Teesworks Limited Funds the Corporation


When Teesworks Limited was set up in 2020, four shares were issued – the Corporation held two and he developers held two. So, ownership was a 50-50 split. When the Corporation comes to rely increasingly on Teesworks Limited for its income, the paragraph above shows that it obtains this through dividends. This means that whatever amount is issued in dividends is divided 50-50 between the Corporation and the developers.


The same paragraph also makes clear that future income is dependent on ‘Teesworks Limited’s … realisation strategy’ and also the ‘dividend strategy adopted by the Board of Teesworks Limited’. All of which suggests that the key decisions are now being made by the Teesworks Limited board and not by the STDC board.
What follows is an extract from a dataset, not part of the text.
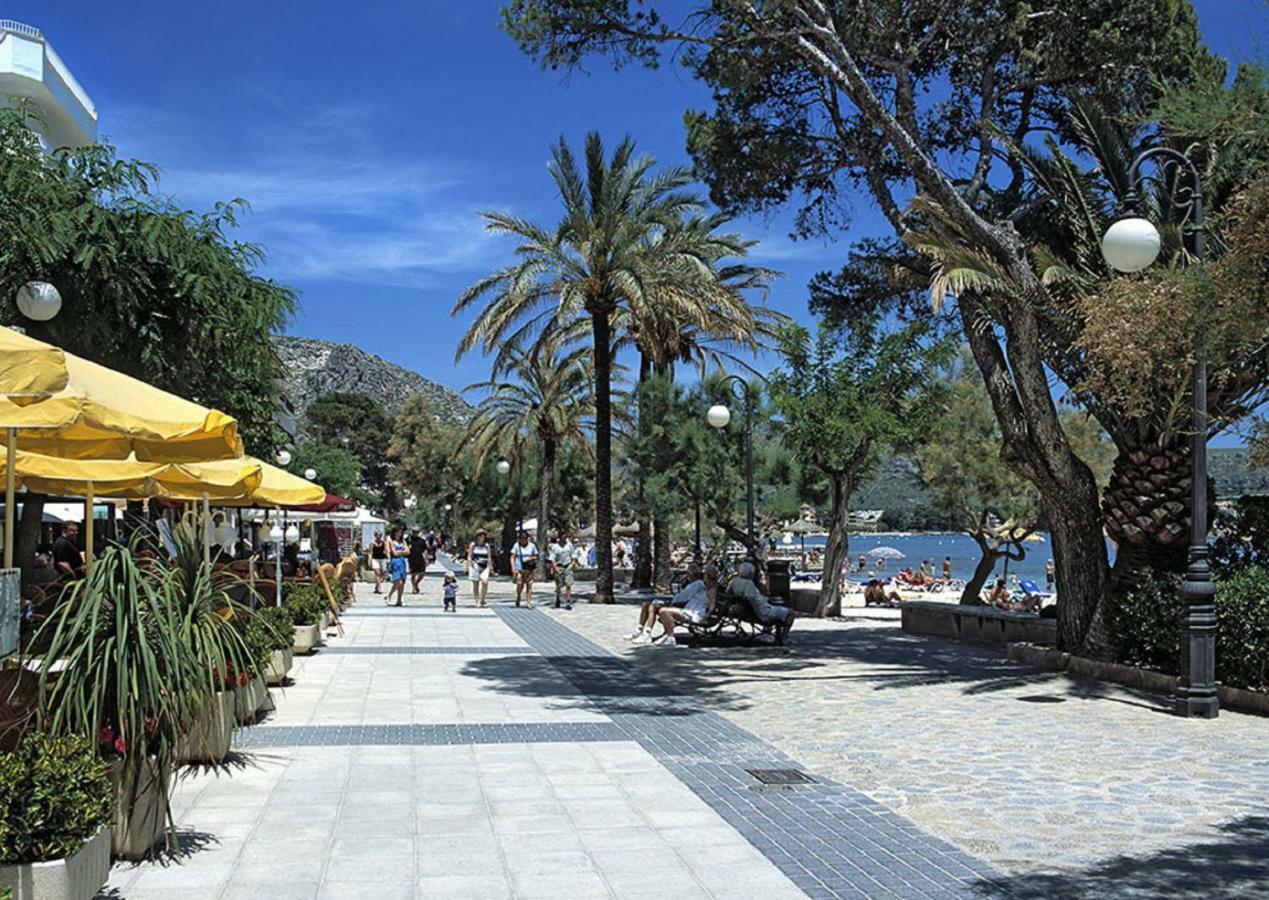 Owl Booking Villa Romeu - 10 Min Walk To The Old Town Pollença Εξωτερικό φωτογραφία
As for income from leases, there are none. A skills academy is under construction on the edge of the site, and an incinerator is to be built beside it. Other than that, all other projects are ‘close to agreement’ and ‘heads of terms have been agreed’. That is to say, lease agreements have not been signed. Until they are, there is no further revenue stream.
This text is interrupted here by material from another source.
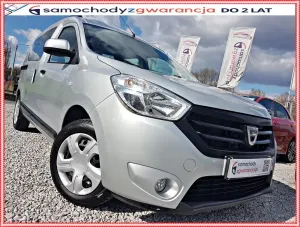 Dacia Dokker SCe 100 Ambiance 2016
Yet the Corporation still has bills to pay. It employs the STSC workers; it pays for the construction companies who do the land remediation and site preparation. And, crucially, when the UK Investment Bank recently agreed to lend £107 million to fund the construction of the South Bank Quay, it loaned that money, not to Teesworks Limited but to the Tees Valley Combined Authority. The loan will therefore be repaid from the public purse, not revenue from private sector investors.


All Change


The change in Teesworks Limited share ownership that took place in mid-December has received considerable media attention in recent days. In fact, the changes began in early November. On 1 November, while ownership was a 50-50 split between the Corporation and the developers, the person with significant control was the Corporation.


On 2 November, a first Gazette notice of compulsory strike off was issued by Companies’ House. It was withdrawn a week later but is nonetheless an extraordinary state of affairs for a publicly owned company. On 26 November there is an issue of 96 shares, which results in the Corporation having only a 10% share in the Company. As of that date, the ‘person with significant control’ passes from STDC to DCS Industrial Ltd. While this fact is receiving a great deal of publicity, another is being overlooked. 
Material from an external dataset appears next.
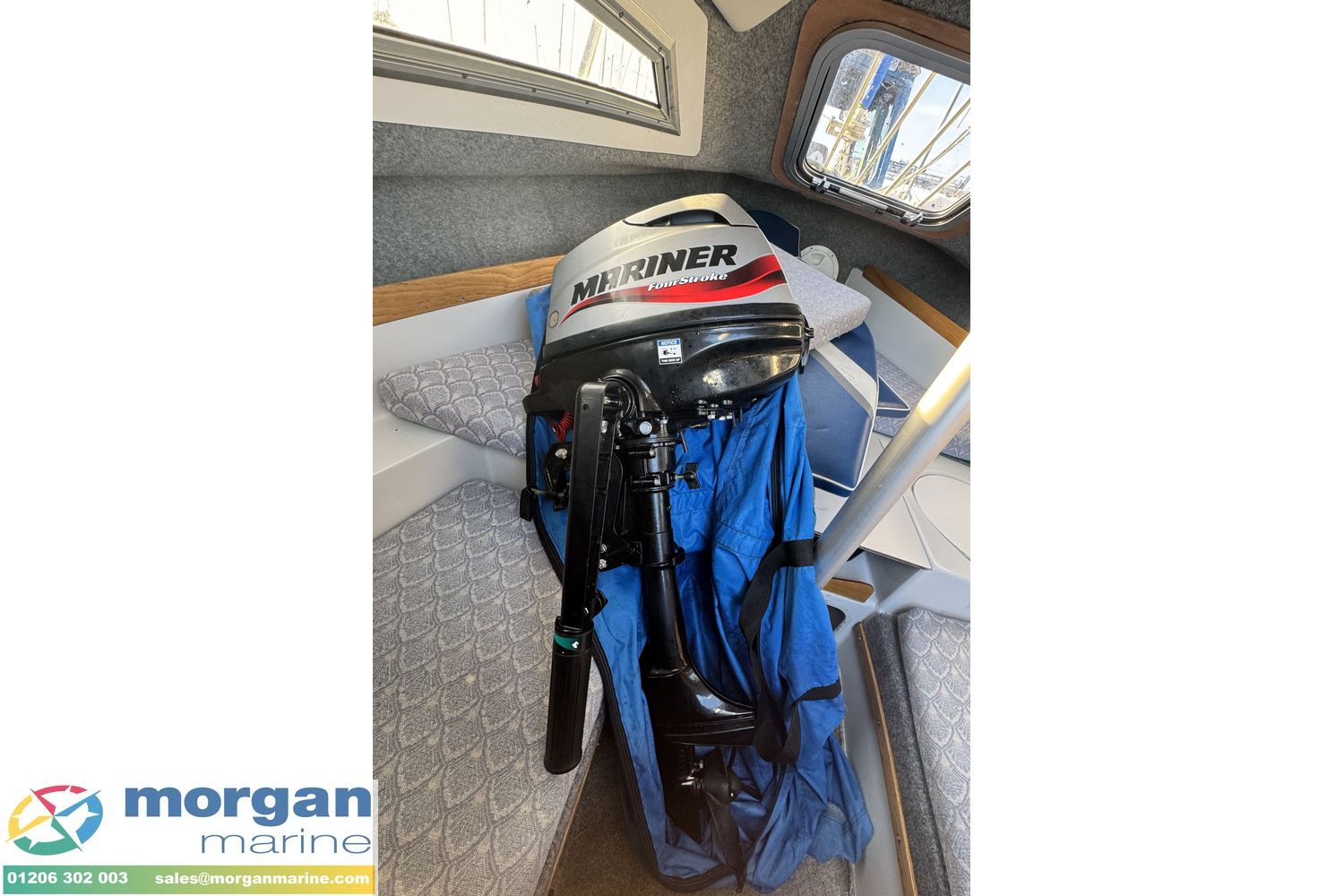 Eagle 525 lifting keel yacht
New Articles of Association were also issued on 26 November. These show that the shareholdings of the four parties involved are not of an identical type. Shares held by Corney, Musgrave, and their company DCS Industrial are described as types A, B, and C. Shares held by STDC are type D, and type D shares are subject to a number of restrictions.

Type D shares, and only type D shares, may be sold as a whole, but not in part. It appears that the other shareholders have first refusal on them, and some scope to determine the price to be paid for them in the event of sale. This is evidence of a remarkable degree of control of a public asset by private investors.


In the short term it means that, through share dividend, STDC will now receive only 10% of the value obtained through the sale of site assets. Ben Houchen has claimed that the developers are committed to bringing £150 million in investment to the project, but there is no document in the public domain that confirms this. Given Houchen’s track record of overstatement, people might now begin to suspect the veracity of this claim until some real evidence is presented.


It is not unreasonable to conclude from the way in which the shares have now been issued that control of Teesworks Ltd has been not so much given away by Houchen as taken away by  Corney and Musgrave.


As for Gove, he’s nowhere to be seen.